Karen Ohanyan (Կարեն Օհանյան; born 4 January 1981) is an Armenian painter and actionist artist.

Karen Ohanyan’s life evolved around the civil society struggles of his homeland. As a boy, Ohanyan experienced the consequences that followed the collapse of the Soviet Union in 1991, namely massacres, blockade, wars, and the cold-blooded murder of his compatriots by the ruling regime of Armenia during the March 1, 2008 protests in Yerevan. These are the struggles that crystallized the realities of post-Soviet Armenia and defined Ohanyan’s art during that period. While his painting evolved in terms of form, style, and medium, Ohanyan stayed true to his progressive spirit in his relation to both the arts and society. It is this revolutionary and evolutionary spirit that takes shape in the most recent paintings created outside of the borders of his homeland.

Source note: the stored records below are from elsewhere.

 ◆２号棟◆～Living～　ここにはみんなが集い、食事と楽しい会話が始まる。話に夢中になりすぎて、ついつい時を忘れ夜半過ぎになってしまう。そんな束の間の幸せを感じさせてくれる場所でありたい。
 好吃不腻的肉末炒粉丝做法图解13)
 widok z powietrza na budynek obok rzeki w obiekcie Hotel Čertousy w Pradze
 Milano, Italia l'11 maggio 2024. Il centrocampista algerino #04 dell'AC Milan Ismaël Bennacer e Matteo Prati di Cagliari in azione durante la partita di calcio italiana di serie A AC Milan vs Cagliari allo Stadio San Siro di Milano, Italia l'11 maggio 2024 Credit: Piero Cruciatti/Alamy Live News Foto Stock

In 2007 he co-founded Art Lab, a Yerevan-based art collective focused on collaborative and socially engaged artistic practice. His work includes painting and action-based artistic practices and has been exhibited in Armenia and internationally.

== Early life and education ==
Karen Ohanyan from early childhood was interested in art and painting. In age of 5 his mother took him to his first teacher, Armenian painter Vilik Garnikovich Gabazyan. Karen studied at the Yerevan State Academy of Fine Arts and graduated in 2003. Ohanyan’s work is characterized by a conceptual approach that often challenges viewers to engage with complex themes related to societal norms and personal narratives.

== Career ==
Karen Ohanyan graduated from the Yerevan State Academy of Fine Arts in 2003. In 2007 he co-founded ArtLab, a contemporary art collective in Yerevan.His work has been exhibited at ACCEA/NPAK, the Cafesjian Center for the Arts, and international venues including the Maxim Gorki Theatre in Berlin.

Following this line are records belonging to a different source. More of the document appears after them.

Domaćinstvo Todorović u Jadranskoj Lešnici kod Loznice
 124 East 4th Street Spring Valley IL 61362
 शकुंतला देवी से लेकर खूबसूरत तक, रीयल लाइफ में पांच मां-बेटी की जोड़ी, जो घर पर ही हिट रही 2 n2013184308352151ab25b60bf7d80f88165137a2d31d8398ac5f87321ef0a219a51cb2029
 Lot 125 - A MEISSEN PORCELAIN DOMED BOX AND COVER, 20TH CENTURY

His work has been featured in at least two solo exhibitions and five group shows over the past decade and a half. One of his significant solo exhibitions, “Body Investments,” was held at ACCEA in 2009, where he delved into themes of corporeality and the relationship between the body and identity. This exhibition was pivotal in establishing his voice within the contemporary art scene. .
Ohanyan's early works included experiments with surrealism and figurative painting. Over time, his work developed into series of paintings addressing political and social events in Armenia and the wider post-Soviet region.

=== Themes and series ===

Ohanyan's paintings often address political and social developments in Armenia after the collapse of the Soviet Union. His work has been associated with themes such as war, historical memory, and national identity in the post-Soviet period. Many of his paintings include symbolic landscapes, figures, and still life compositions. Ohanyan’s work often reflects a deep engagement with the socio-political landscape of Armenia, as well as the broader cultural narratives that shape the region. His artistic practice is marked by a willingness to confront challenging topics, inviting viewers to reflect on their own experiences and the world around them. This approach has resonated with audiences, leading to a growing recognition of his contributions to contemporary art.

== Exhibitions ==

=== Solo exhibitions ===

- Delicate Matter, Curator Tamar Hovsepian, National Gallery of Armenia, Yerevan (2026)
- Charlie's Dream, Curator Tamar Hovsepian, Arahet Coffee Bar, Yerevan (2026)
- Icons of the Future, Atamian-Hovsepian Curatorial Practice, New York City (2024)
- Visions of the Death of Communism, Sergey Merkurov House-Museum, Gyumri (2023)
- The Dreamer, Studio 20 (2023)
- Khaltura, Sargis Muradyan Gallery (2022)
- Champion, Johannissyan Institute (2022)
- Sevan, Cafesjian Center for the Arts, Yerevan (2021)
- From Avant-garde to Avant-garde, Sargis Muradyan Gallery (2016)
- Body Investments, ACCEA, Yerevan (2009)
- Real Utopias, ACCEA, Yerevan (2006)

=== Group exhibitions ===
In addition to his solo endeavors, Ohanyan has collaborated with fellow artists, including Sona Abgarian and David Kareyan, contributing to group exhibitions that reflect a collective exploration of contemporary themes. His participation in the “Extension.am: A Geographic Experience” exhibition at Triumph Gallery in Moscow in 2018 further exemplifies his engagement with broader artistic dialogues beyond Armenia’s borders.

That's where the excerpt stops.